--- START ---
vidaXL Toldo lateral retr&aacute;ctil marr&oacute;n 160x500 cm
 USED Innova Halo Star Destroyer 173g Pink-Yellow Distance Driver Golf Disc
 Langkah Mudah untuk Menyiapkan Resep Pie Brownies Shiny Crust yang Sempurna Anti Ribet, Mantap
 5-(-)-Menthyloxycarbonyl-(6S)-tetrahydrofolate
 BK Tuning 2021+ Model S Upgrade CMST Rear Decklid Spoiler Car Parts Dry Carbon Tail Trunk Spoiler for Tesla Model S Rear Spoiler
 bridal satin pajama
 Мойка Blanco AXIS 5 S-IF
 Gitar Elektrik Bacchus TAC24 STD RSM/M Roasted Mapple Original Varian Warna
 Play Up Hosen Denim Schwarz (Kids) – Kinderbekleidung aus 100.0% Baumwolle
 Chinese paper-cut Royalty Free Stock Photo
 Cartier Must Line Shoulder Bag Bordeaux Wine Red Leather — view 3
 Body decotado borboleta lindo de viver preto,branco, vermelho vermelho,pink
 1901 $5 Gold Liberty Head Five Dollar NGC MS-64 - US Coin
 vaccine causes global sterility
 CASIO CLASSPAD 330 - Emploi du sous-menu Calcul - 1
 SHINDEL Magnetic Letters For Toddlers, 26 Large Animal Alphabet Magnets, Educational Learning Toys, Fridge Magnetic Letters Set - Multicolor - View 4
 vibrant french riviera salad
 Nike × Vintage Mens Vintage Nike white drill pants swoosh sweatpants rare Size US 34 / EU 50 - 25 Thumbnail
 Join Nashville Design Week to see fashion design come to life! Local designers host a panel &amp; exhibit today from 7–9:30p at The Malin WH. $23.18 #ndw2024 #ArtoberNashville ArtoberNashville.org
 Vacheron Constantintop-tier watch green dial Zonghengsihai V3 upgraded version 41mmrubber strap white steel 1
--- END ---
Looking at the records above, work out how many lines include the word "white", then give that number by itself.

2